## RECORDED INFORMATION
++++++++++++++++++++
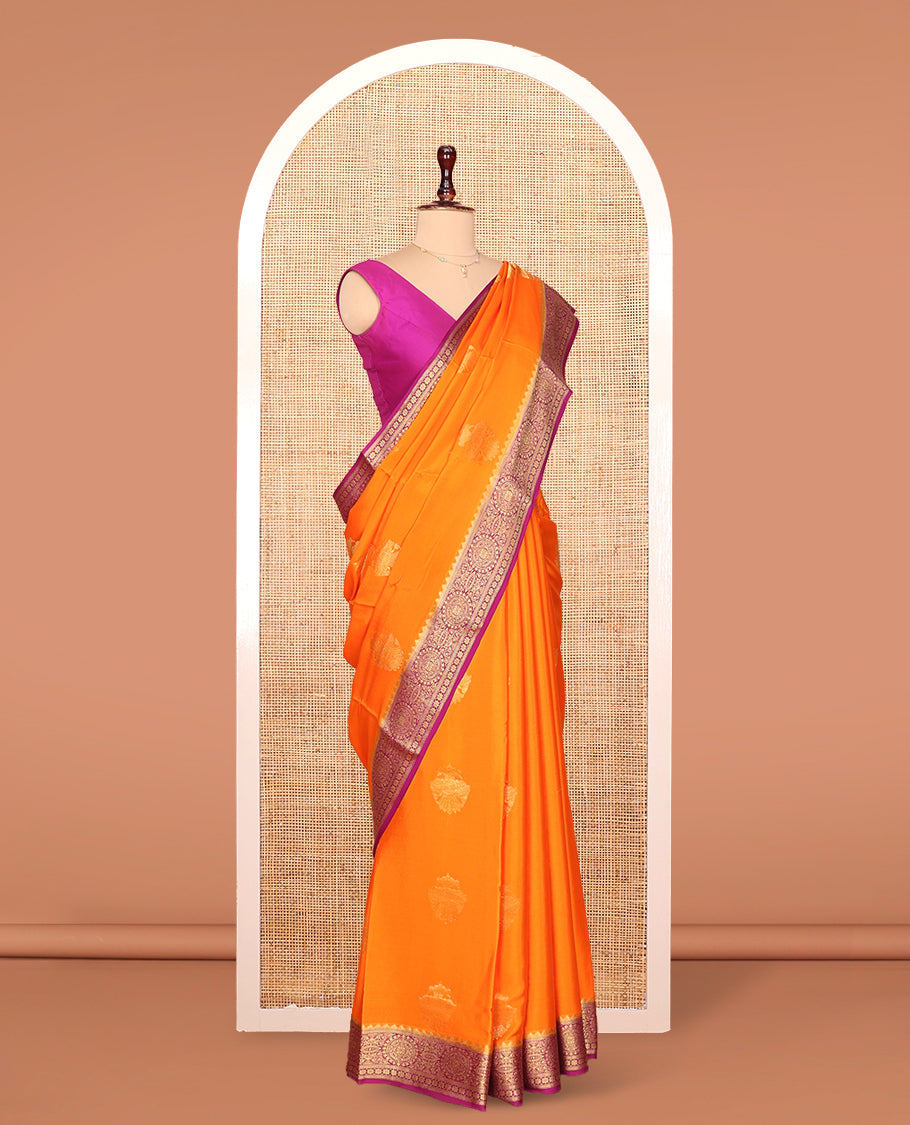 Orange Mysore Silk Saree, Bedecked with Zari Buttas All Over Its Body, Complemented by Captivating Contrast Border of Traditional Zari Designs, Gleaming Zari Striped Pallu, and Paired with a Contrast Blouse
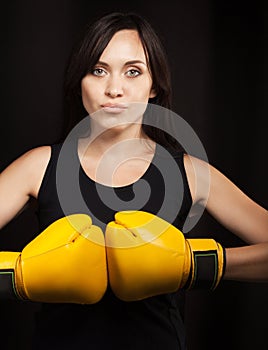 Portrait of a girl in yellow boxing gloves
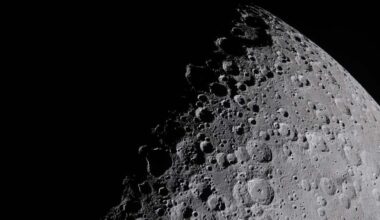 A photopgraph of the moon, taken at close range. Shadow obscures part of its face, highlighting crater edges.
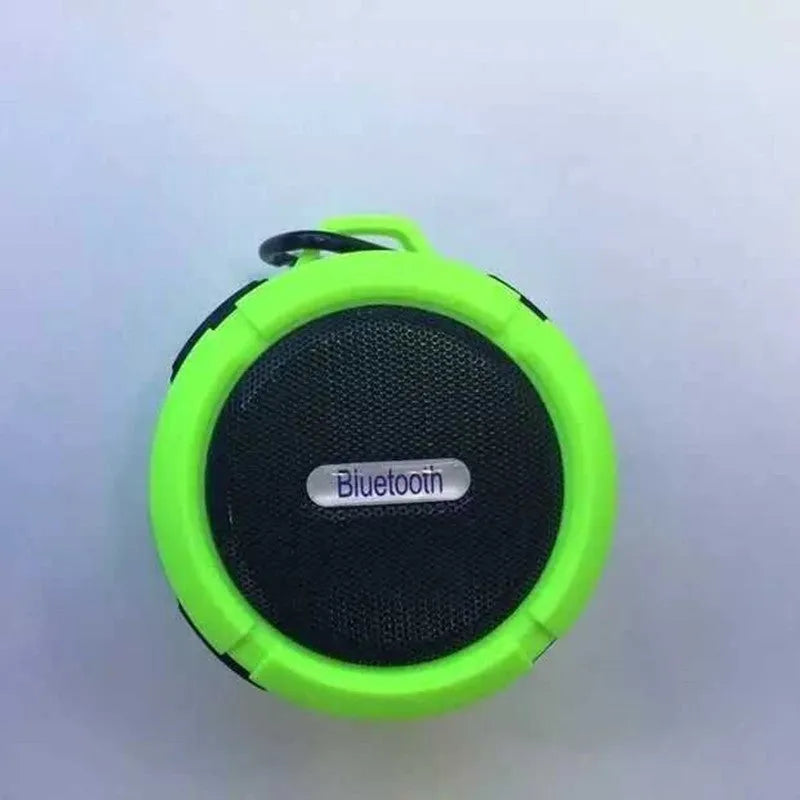 Portable waterproof Bluetooth speaker in multiple colours with a mountaineering buckle for bag attachment.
++++++++++++++++++++
## EXERCISE DETAILS
Copy back, word for word, every line between the top of the material above and the line that contains "Portrait of a girl in yellow boxing gloves", both included, without any pictures.

## TASK SOLUTION
 Orange Mysore Silk Saree, Bedecked with Zari Buttas All Over Its Body, Complemented by Captivating Contrast Border of Traditional Zari Designs, Gleaming Zari Striped Pallu, and Paired with a Contrast Blouse
 Portrait of a girl in yellow boxing gloves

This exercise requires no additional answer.